Intensity recommendations not matched to the child. Programs that recommend 30-40+ hours per week as standard, rather than matching intensity to specific child needs, are often driven by insurance reimbursement rather than clinical need. The 40-hour-per-week intensive ABA model from Lovaas-era research isn't appropriate for every child.
No plan for fading services. Ethical ABA aims to fade out over time as the child gains skills and supports. Programs that increase rather than fade, or have no fade plan, may be more about provider revenue than child benefit.
Lack of credential transparency. Providers should clearly identify who the BCBA is, what their experience is, and what supervision structure applies. Vague answers are a flag.
Resistance to outside collaboration.

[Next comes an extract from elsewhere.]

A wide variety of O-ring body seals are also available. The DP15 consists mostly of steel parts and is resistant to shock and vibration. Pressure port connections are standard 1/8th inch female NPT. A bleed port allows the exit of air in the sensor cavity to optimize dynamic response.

Providers who don't communicate with the child's SLP, OT, pediatrician, or school team may be territorial rather than client-focused.
Treatment of Parent Input
How a provider responds to parent concerns is itself a quality signal:
Red flags:
- Pathologizing parents who push back ("Mom is being inconsistent at home")

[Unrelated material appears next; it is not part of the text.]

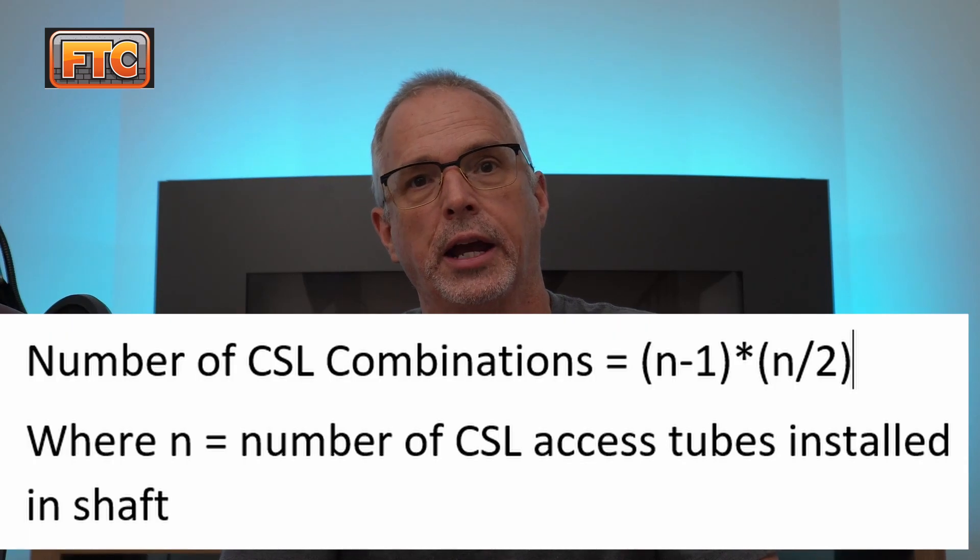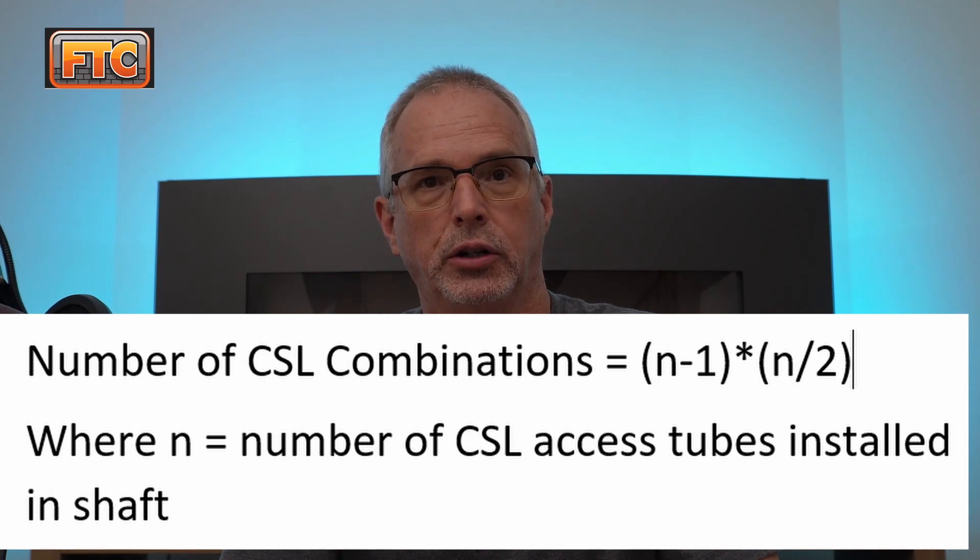Once you get to a larger shaft size over eight feet in diameter, eight CSL tubes are plenty. To compute the maximum number of survey combinations based on the number of CSL tubes, there's a simple formula: let n be the number of access tubes, then combinations = (n − 1) × n ÷ 2. So two pipes gives 2 combinations, three gives 3, four gives 6, five gives 10, six gives 15, seven gives 21, eight gives 28, nine gives 36, and ten gives 45. Once you get above eight tubes, you get excellent coverage at 28 maximum combinations — beyond that is just redundant.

- Insisting their methods can't be questioned ("We're the experts")
- Restricting parent observation of sessions (some providers limit observation citing "data integrity", this is rarely a legitimate justification)

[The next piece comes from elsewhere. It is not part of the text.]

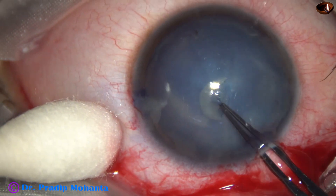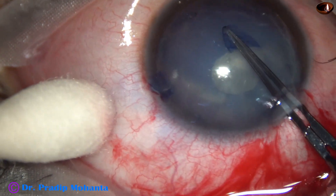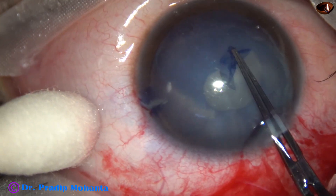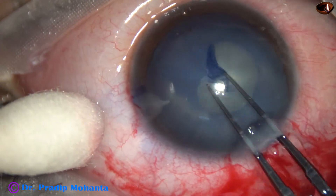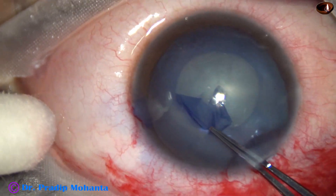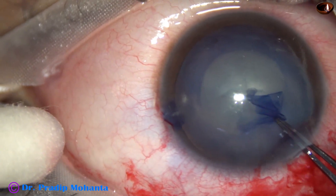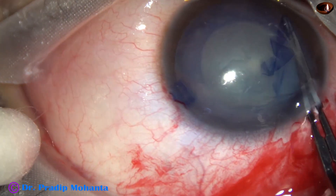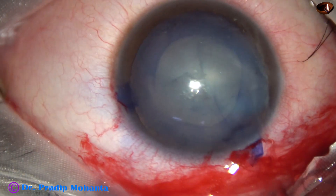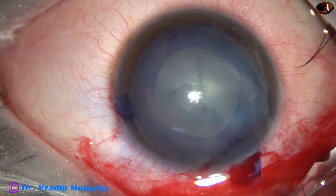In this case, I had to struggle a bit for the rhexis. However, with the help of the utrata forceps, I am able to do the rhexis. Little jerky pulls give me better control to do rhexis in such cases. The size of this rhexis is about 5.5 millimeters and it is adequate.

- Treating parent concerns about the child's distress as the parent's problem rather than information
- Vague answers about specific techniques used
- Pressure not to discontinue or reduce services
Good signs:
- Welcoming parent observation
- Engaging substantively with parent concerns
- Adjusting based on parent input
- Specific, concrete answers about techniques
- Treating the parent as a partner
Specific Questions Worth Asking, of Any Provider, Including Us
If you're evaluating a provider or considering whether to continue with your current one, ask:
- How do you handle assent? What happens when my child shows distress, withdraws,
- What goals do you set, and why those? Are they about my child's flourishing in ways that make sense for them, or about producing compliance?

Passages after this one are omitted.